Full virtualization has proven highly successful for a) sharing a computer system among multiple users, b) isolating users from each other (and from the control program) and c) emulating new hardware to achieve improved reliability, security and productivity.
VMware Workstation, Server, and ESX take a more optimized path to running target operating systems on the host than emulators (such as Bochs) which simulate the function of each CPU instruction on the target machine one-by-one, or dynamic recompilation which compiles blocks of machine-instructions the first time they execute, and then uses the translated code directly when the code runs subsequently. (Microsoft Virtual PC for Mac OS X takes this approach.) VMware software does not emulate an instruction set for different hardware not physically present. This significantly boosts performance, but can cause problems when moving virtual machine guests between hardware hosts using different instruction-sets (such as found in 64-bit Intel and AMD CPUs), or between hardware hosts with a differing number of CPUs. Stopping the virtual-machine guest before moving it to a different CPU type generally causes no issues.
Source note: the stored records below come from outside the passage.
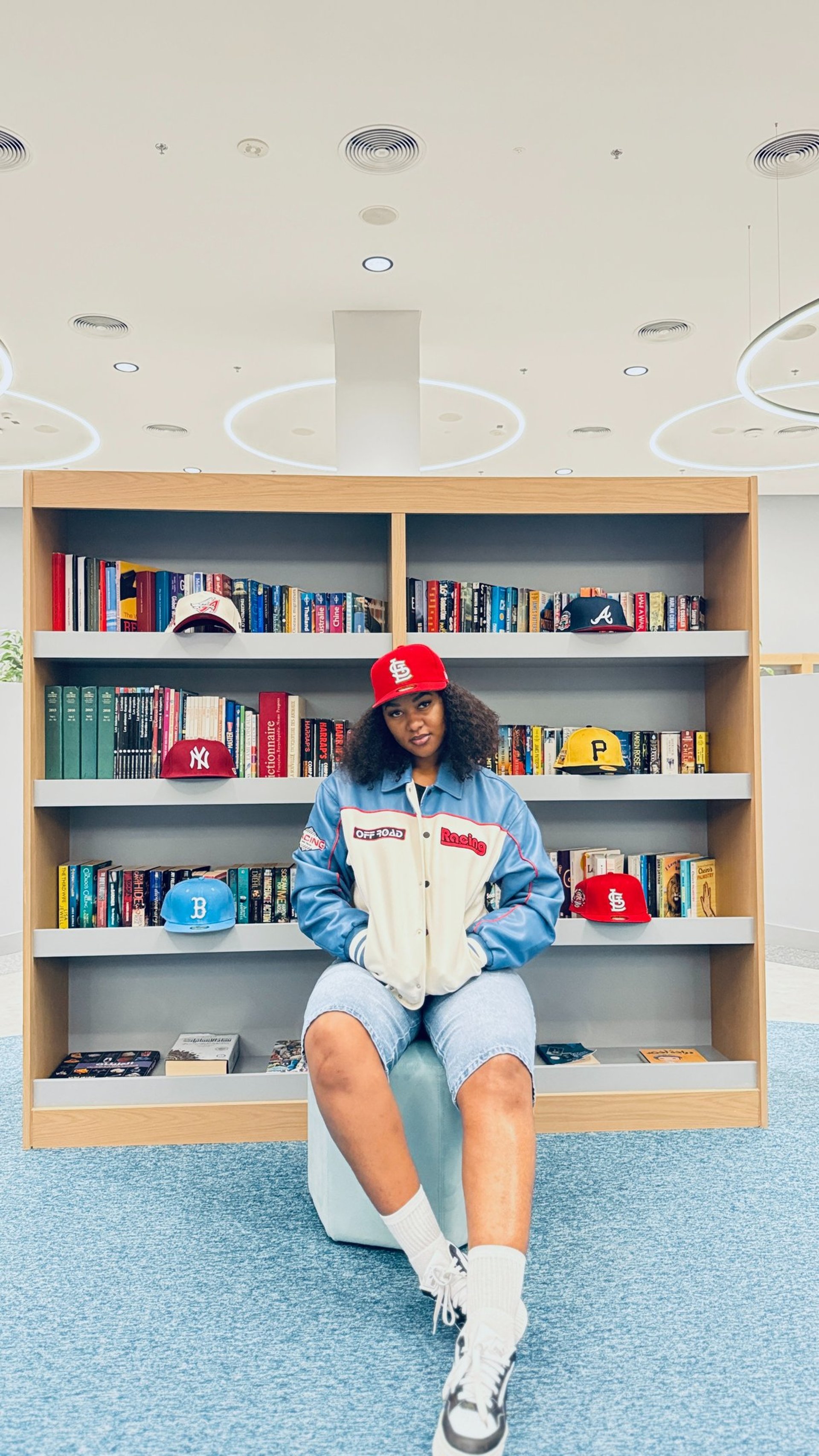 woman wearing yellow long-sleeved dress under white clouds and blue sky during daytime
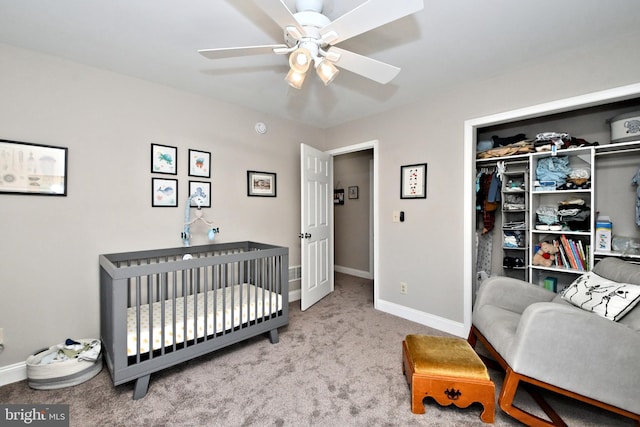 bedroom with baseboards, a ceiling fan, carpet flooring, a nursery area, and a closet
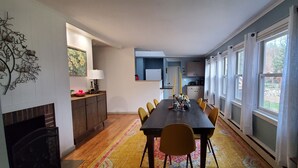 A dining area with a long table, chairs, a fireplace, a kitchen in the background, and large windows. - Winter Lore (Rutland)
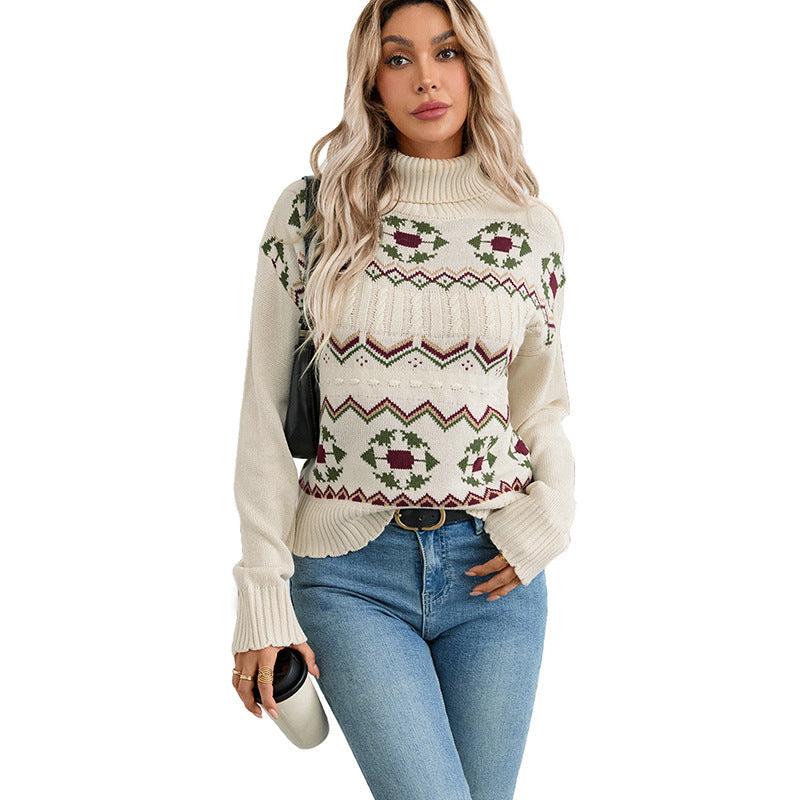 Damtröja i stickat material med polokrage och fair isle-mönster, ljusbeige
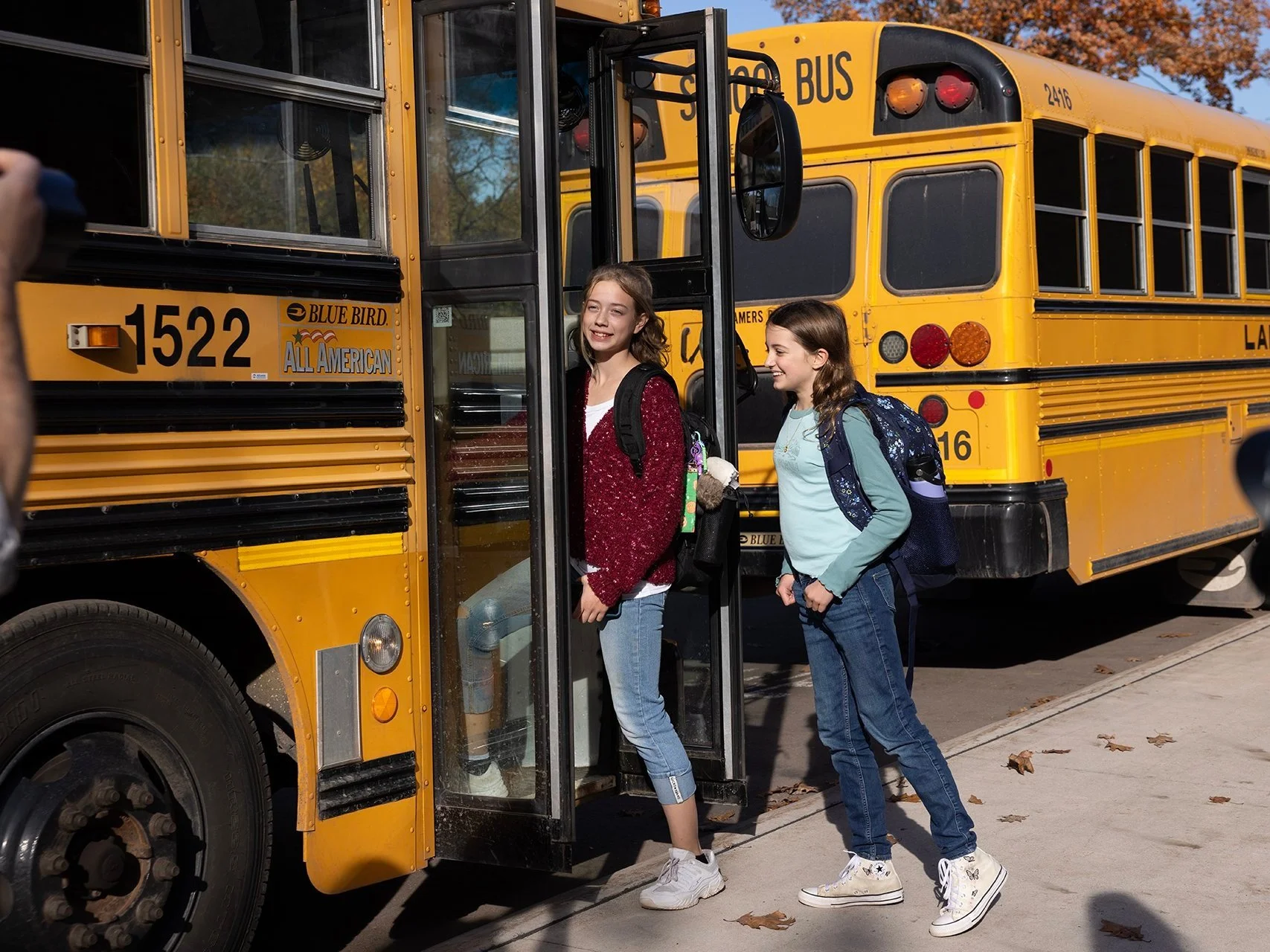 Two junior high students stepping on to a bus.
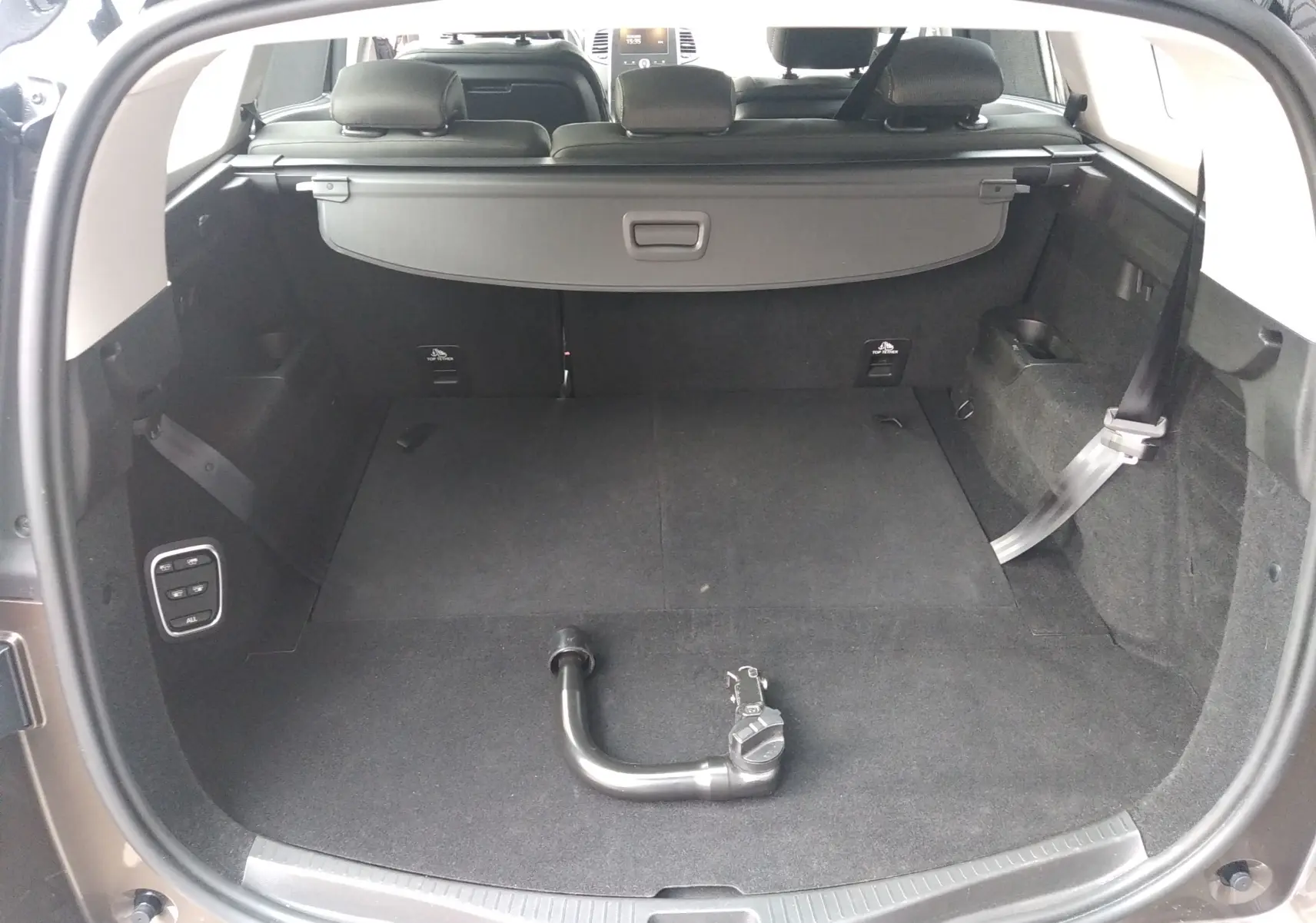 Coffre ouvert d'un Renault Grand Scenic brun vison métal, vue arrière montrant l'intérieur spacieux et la barre d'attelage amovible.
VMware's products use the CPU to run code directly whenever possible (as, for example, when running user-mode and virtual 8086 mode code on x86). When direct execution cannot operate, such as with kernel-level and real-mode code, VMware products re-write the code dynamically, a process VMware calls "binary translation" or BT. BT automatically modifies x86 software on-the-fly to replace instructions that "pierce the virtual machine" with a different, virtual machine safe sequence of instructions; this technique provides the appearance of full virtualization. The translated code gets stored in spare memory, typically at the end of the address space, which segmentation mechanisms can protect and make invisible. For these reasons, VMware operates dramatically faster than emulators, running at more than 80% of the speed that the virtual guest operating-system would run directly on the same hardware. In one study VMware claims a slowdown over native ranging from 0 to 6 percent for the VMware ESX Server.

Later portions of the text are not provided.